Price of gold in the United Arab Emirates today: Gold is stabilized, according to FXSTERET data

Gold prices were practically unchanged in the United Arab Emirates on Friday, according to data collected by FXSTERET.

The price of gold stood at 392.93 Dirhams of the United Arab Emirates (AED) per gram, practically stable compared to the 392.93 AED that cost Thursday.

The price of gold remained practically stable at 4,583.10 AED per Tola from 4,583.10 AED per tola of the previous day.

Unit of measure Gold price in AED
1 gram 392.93
10 grams 3,929.34
Tola 4,583.10
Troy ounce 12,221.61

What moves the market today: the price of gold falls while US yields

  • The 10 -year American treasure performance rises five basic points to 4,333%. The real US yet yields followed the same trend, rising five PBs to 2,163%, as shown by the yields of treasure values ​​protected against inflation to 10 years from the US that failed to contain gold prices.

  • The initial applications of unemployment subsidy in the US for the week that ended on April 12 were 215,000, coming down from 224,000 and below the 225,000 scheduled, highlighting the continuous strength in the labor market.

  • Construction permits increased 1.6% to 1,482 million, exceeding 1.45 million estimates. In contrast, the beginnings of housing construction fell sharply from 1,494 million to 1,324 million, indicating weakness in residential construction.

  • In rates markets, monetary market operators have incorporated 86 basic points of Fed fees cuts by the end of 2025, with the first expected cut in July.

FXSTERET calculates gold prices in the United Arab Emirates adapting international prices (USD/Aed) to the local currency and the units of measure. Prices are updated daily according to market rates taken at the time of publication. Prices are only reference and local rates could diverge slightly.

FAQS GOLD


Gold has played a fundamental role in the history of mankind, since it has been widely used as a deposit of value and a half of exchange. At present, apart from its brightness and use for jewelry, precious metal is considered an active refuge, which means that it is considered a good investment in turbulent times. Gold is also considered a coverage against inflation and depreciation of currencies, since it does not depend on any specific issuer or government.


Central banks are the greatest gold holders. In their objective of supporting their currencies in turbulent times, central banks tend to diversify their reserves and buy gold to improve the perception of strength of the economy and currency. High gold reserves can be a source of trust for the solvency of a country. Central banks added 1,136 tons of gold worth 70,000 million to their reservations in 2022, according to data from the World Gold Council. It is the largest annual purchase since there are records. The central banks of emerging economies such as China, India and Türkiye are rapidly increasing their gold reserves.

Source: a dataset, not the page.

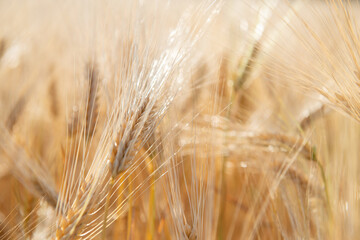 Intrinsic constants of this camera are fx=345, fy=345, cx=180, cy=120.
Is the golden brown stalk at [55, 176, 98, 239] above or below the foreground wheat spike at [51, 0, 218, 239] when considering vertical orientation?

Gold has a reverse correlation with the US dollar and US Treasury bonds, which are the main reserve and shelter assets. When the dollar depreciates, the price of gold tends to rise, which allows investors and central banks to diversify their assets in turbulent times. Gold is also inversely correlated with risk assets. A rebound in the stock market tends to weaken the price of gold, while mass sales in higher risk markets tend to favor precious metal.


The price of gold can move due to a wide range of factors. Geopolitical instability or fear of a deep recession can cause the price of gold to rise rapidly due to its condition of active refuge. As an asset without yield, the price of gold tends to rise when interest rates lower, while the money increases to the yellow metal. Even so, most movements depend on how the US dollar (USD) behaves, since the asset is quoted in dollars (Xau/USD). A strong dollar tends to keep the price of gold controlled, while a weakest dollar probably thrusts gold prices.